Excellent post. I remember a fine little collection of essays when I was studying politics back in the 1970s, called "Why is Britain Becoming Harder to Govern?". The authors often homed in on the mind-boggling complexity of modern society, and also the need to keep all stakeholders happy - the growing sense of entitlement that is now pretty much endemic. In line with your post, I suggest that we, as a society, would no longer like the look of leadership even if it could be found. I suspect that in the past, good leaders were simply those who embodied or furthered the interests of a particular group in society, and got things done by riding roughshod over everyone else.

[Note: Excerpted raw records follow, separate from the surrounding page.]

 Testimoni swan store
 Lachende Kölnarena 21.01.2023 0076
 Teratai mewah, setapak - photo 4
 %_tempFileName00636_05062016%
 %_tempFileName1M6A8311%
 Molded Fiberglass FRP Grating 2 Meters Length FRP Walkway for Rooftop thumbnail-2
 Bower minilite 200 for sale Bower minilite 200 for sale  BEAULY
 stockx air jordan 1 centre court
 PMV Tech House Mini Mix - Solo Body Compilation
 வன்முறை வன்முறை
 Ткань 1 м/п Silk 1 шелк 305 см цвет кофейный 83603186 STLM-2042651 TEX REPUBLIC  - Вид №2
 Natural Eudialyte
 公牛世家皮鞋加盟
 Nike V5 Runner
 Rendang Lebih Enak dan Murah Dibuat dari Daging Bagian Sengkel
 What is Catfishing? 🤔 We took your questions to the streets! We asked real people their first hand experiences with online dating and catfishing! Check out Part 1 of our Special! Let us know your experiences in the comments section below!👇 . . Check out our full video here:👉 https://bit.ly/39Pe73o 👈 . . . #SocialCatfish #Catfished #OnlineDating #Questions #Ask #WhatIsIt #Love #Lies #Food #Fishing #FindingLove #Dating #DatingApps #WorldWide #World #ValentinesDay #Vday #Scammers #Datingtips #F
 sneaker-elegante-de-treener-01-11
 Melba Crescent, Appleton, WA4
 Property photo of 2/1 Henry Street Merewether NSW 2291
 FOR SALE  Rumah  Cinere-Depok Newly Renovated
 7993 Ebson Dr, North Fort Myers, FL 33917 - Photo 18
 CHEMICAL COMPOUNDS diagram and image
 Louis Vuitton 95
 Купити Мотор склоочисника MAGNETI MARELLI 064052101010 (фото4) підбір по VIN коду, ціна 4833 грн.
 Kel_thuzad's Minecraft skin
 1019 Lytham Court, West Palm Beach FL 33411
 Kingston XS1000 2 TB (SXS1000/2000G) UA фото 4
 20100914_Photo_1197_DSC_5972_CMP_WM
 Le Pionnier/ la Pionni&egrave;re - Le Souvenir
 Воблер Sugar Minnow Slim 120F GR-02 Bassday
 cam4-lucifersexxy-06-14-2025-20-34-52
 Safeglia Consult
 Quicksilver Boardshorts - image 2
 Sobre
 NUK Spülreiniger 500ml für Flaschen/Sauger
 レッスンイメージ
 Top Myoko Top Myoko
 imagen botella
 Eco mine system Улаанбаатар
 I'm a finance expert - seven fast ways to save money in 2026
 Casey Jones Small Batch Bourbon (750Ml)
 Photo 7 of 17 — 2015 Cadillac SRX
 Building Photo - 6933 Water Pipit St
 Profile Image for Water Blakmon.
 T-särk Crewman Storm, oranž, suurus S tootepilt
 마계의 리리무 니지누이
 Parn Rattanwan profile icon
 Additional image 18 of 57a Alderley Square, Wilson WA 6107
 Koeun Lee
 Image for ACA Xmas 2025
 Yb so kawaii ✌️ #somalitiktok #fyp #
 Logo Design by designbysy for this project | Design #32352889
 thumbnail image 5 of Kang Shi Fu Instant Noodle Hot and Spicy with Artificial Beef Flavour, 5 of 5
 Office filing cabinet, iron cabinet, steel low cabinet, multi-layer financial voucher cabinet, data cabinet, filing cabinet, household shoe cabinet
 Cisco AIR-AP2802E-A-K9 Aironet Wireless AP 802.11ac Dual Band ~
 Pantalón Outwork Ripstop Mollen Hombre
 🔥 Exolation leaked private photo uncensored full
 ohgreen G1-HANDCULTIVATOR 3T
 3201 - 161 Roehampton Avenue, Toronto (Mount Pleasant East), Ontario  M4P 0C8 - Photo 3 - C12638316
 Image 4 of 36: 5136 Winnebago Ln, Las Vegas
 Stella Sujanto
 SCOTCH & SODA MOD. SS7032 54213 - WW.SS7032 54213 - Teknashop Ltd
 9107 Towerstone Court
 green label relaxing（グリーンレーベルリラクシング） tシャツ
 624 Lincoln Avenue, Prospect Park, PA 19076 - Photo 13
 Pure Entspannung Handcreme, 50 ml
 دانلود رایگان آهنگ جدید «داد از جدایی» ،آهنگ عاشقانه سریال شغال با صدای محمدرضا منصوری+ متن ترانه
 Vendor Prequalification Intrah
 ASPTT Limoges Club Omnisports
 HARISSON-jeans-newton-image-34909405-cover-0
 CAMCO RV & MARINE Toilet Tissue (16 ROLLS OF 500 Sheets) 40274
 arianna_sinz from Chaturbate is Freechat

We don't want that any more. We want Mummy. It's possible that Thatcher (who was a governess, rather than Mummy) was the last gasp of leadership in our country.

Sackerson said...

Related to the attempt to create a world-governing plutarchy with transnational lawyers. As this progressively fails, we shall have leaders again, good and bad.

Anonymous said...

I think we will end up following the Chinese model. Democracy is too tiresome a burden on a heavily populated planet, the populace has to be given clear direction and control. Democracy is an illusion, works so long as the unwashed don't have too much of a say. Social media and popularism gives them too much easily manipulated say. Strategy needs to be set and steered, some are not going to like it, elections and swinging from this policy to that seems a wasteful diversion. Tongue in cheek but not much.

A K Haart said...

Sam - yes I think Thatcher probably was the last gasp of leadership in our country. Something other than leadership will have to deal with the complexity or the complexity itself will have to be dealt with. Both sound like collapse but they may not be.

Sackers - I see the problem as complexity and our inability to steer it and that problem would probably defeat a world-governing plutarchy unless complexity itself is defeated.

Roger - yes and I think the EU already has it sights set on a Chinese model.